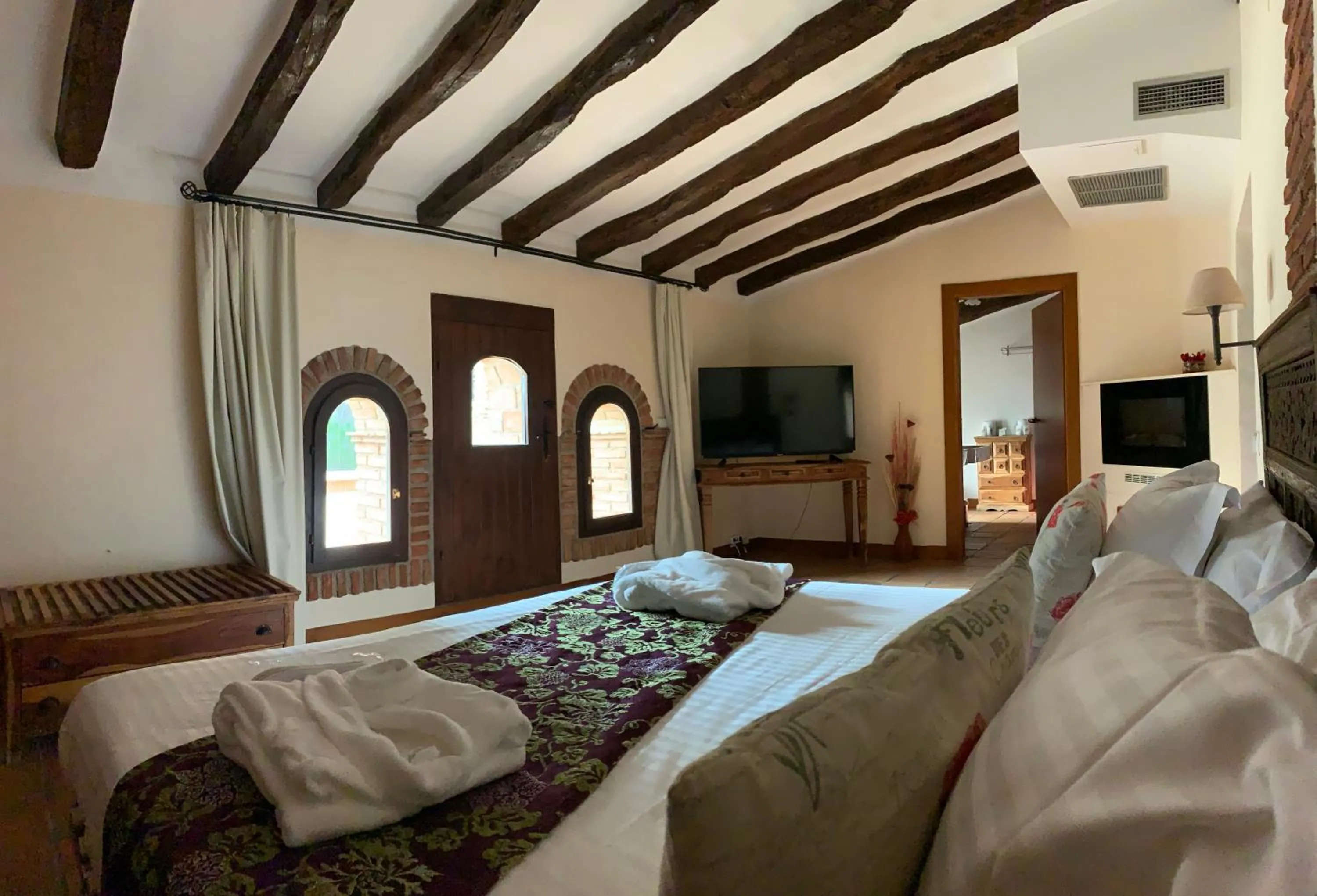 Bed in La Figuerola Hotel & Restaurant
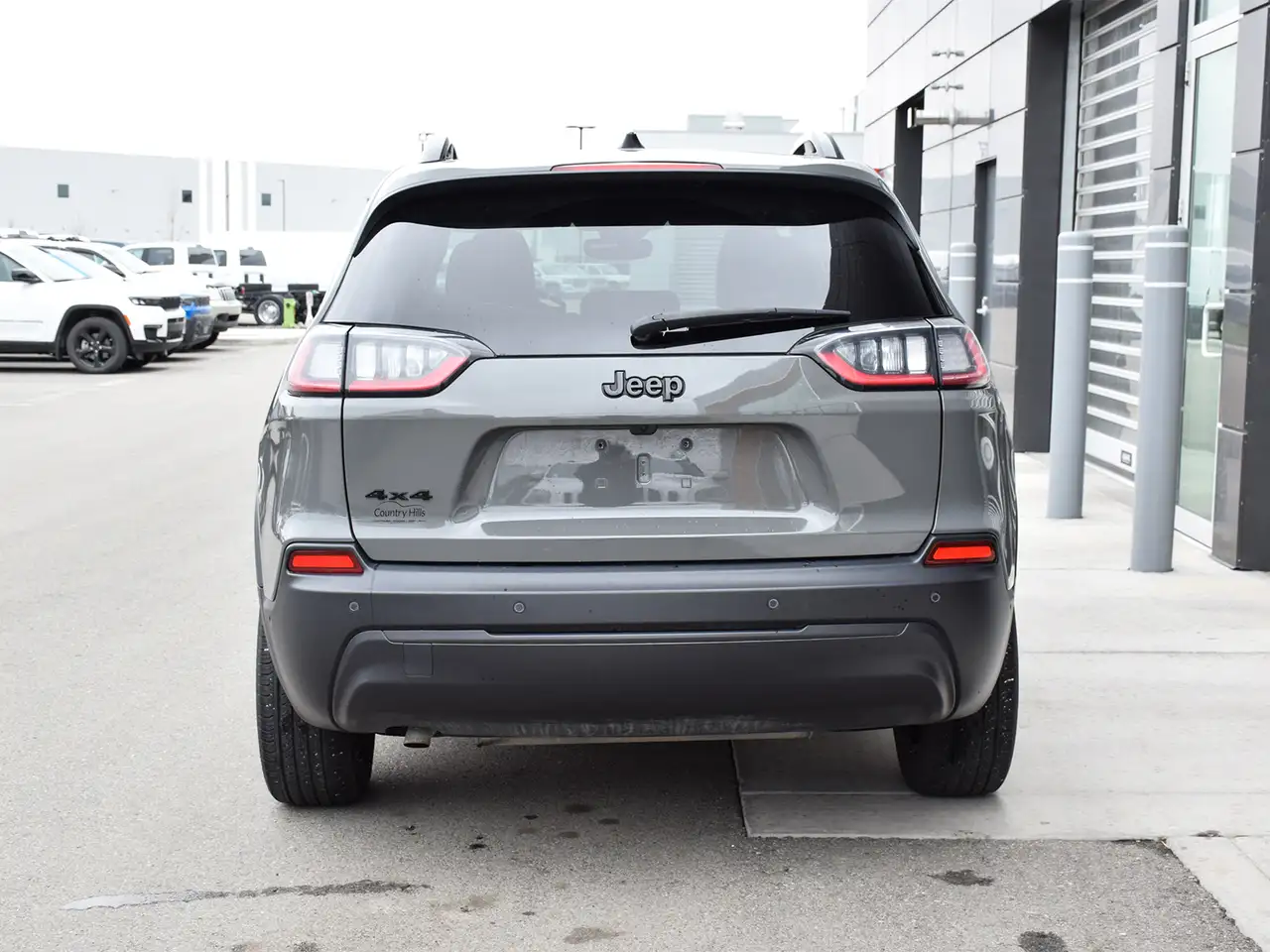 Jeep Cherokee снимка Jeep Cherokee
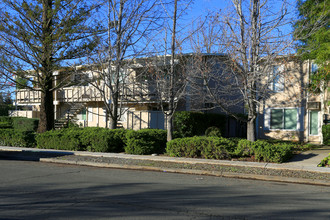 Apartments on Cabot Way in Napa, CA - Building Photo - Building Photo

--

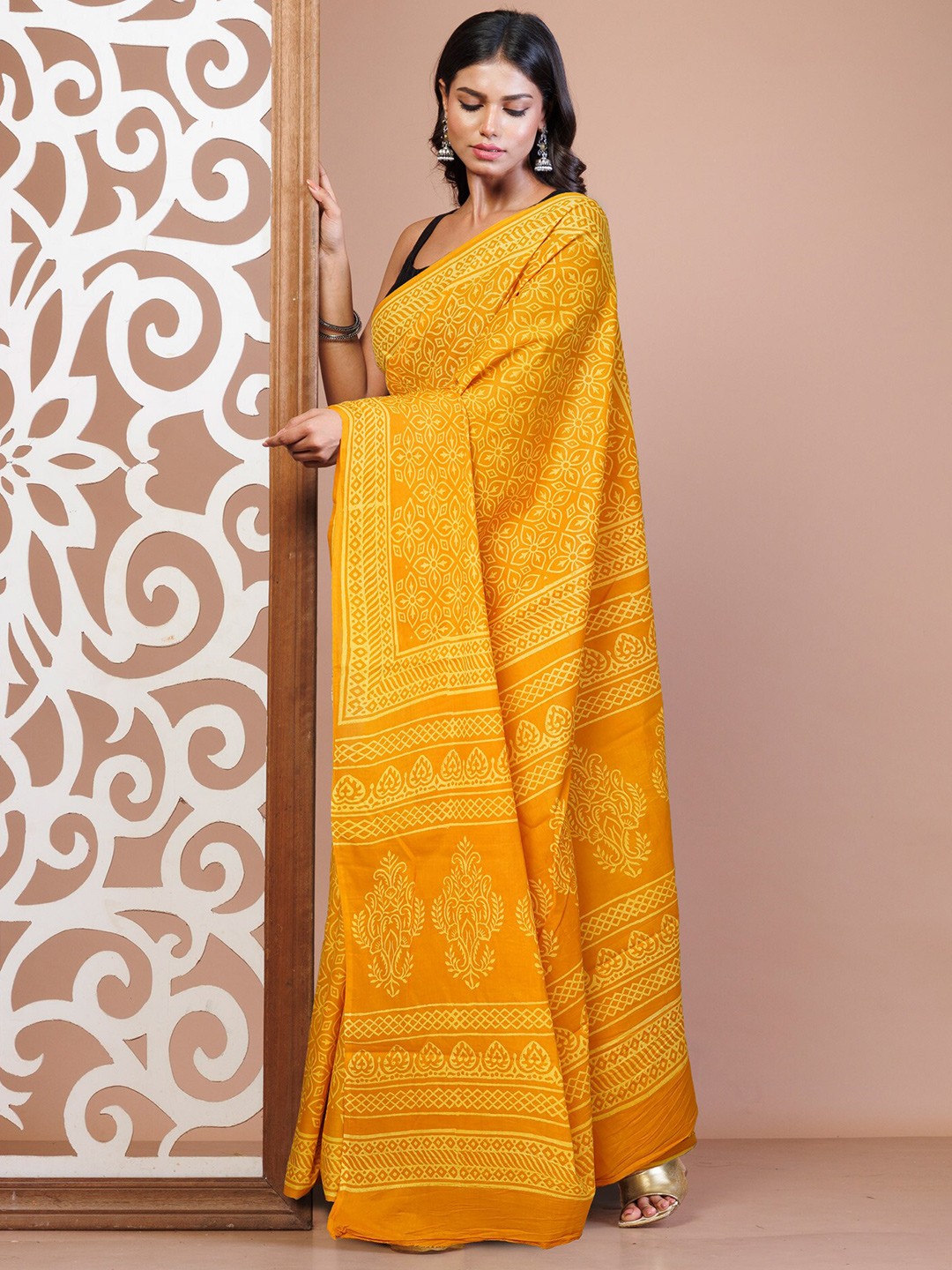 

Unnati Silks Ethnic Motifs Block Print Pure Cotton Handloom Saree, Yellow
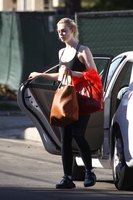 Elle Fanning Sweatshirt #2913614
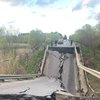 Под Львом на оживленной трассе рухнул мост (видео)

--

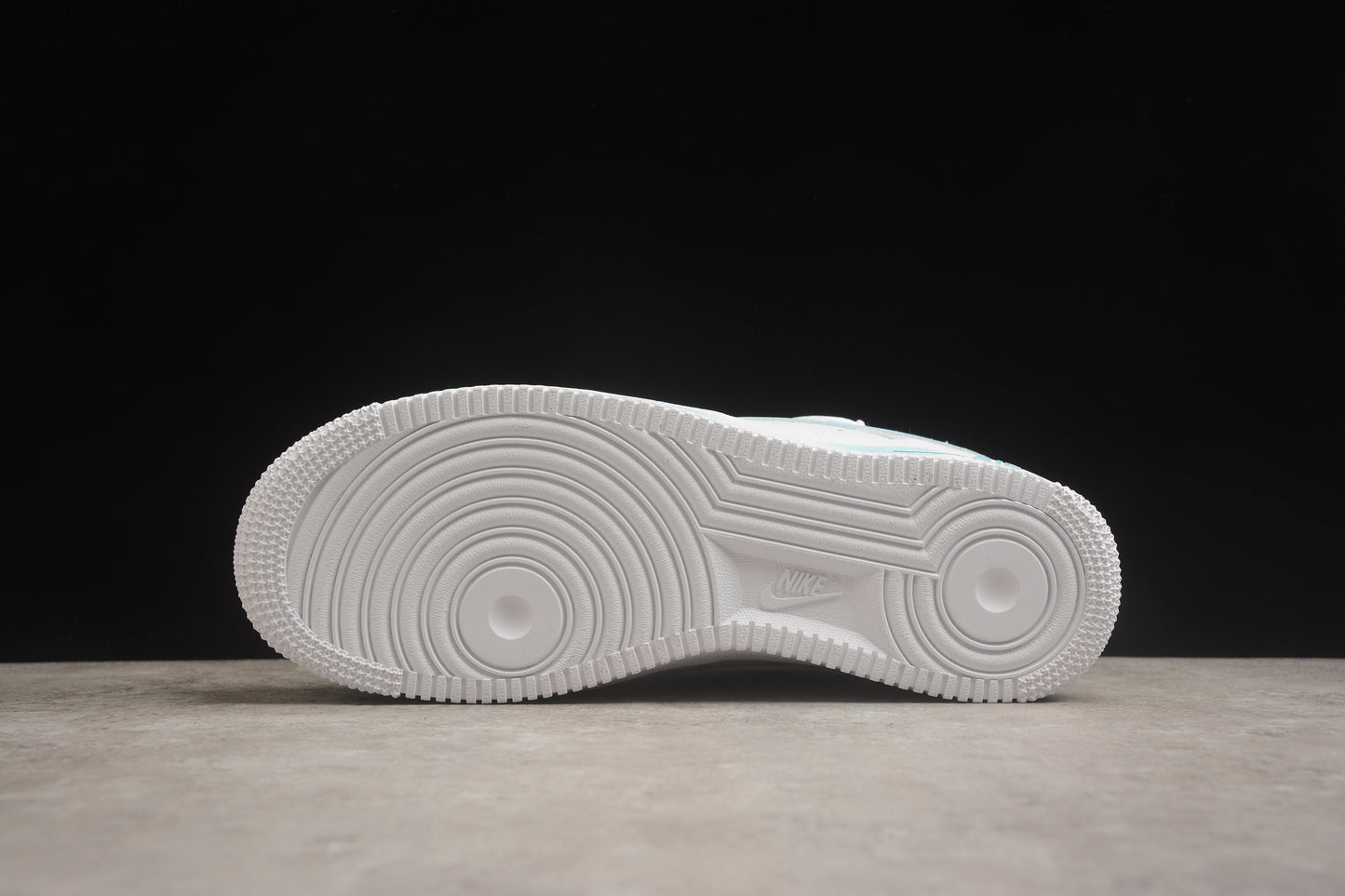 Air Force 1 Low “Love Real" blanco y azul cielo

▶ **What you are asked to do**
Print nothing except the lines above from the one containing "Bed in La Figuerola Hotel & Restaurant" down to the one containing "Apartments on Cabot", both included, exactly as written and free of pictures.

▶ **Written solution**
 Bed in La Figuerola Hotel & Restaurant
 Jeep Cherokee снимка Jeep Cherokee
 Apartments on Cabot Way in Napa, CA - Building Photo - Building Photo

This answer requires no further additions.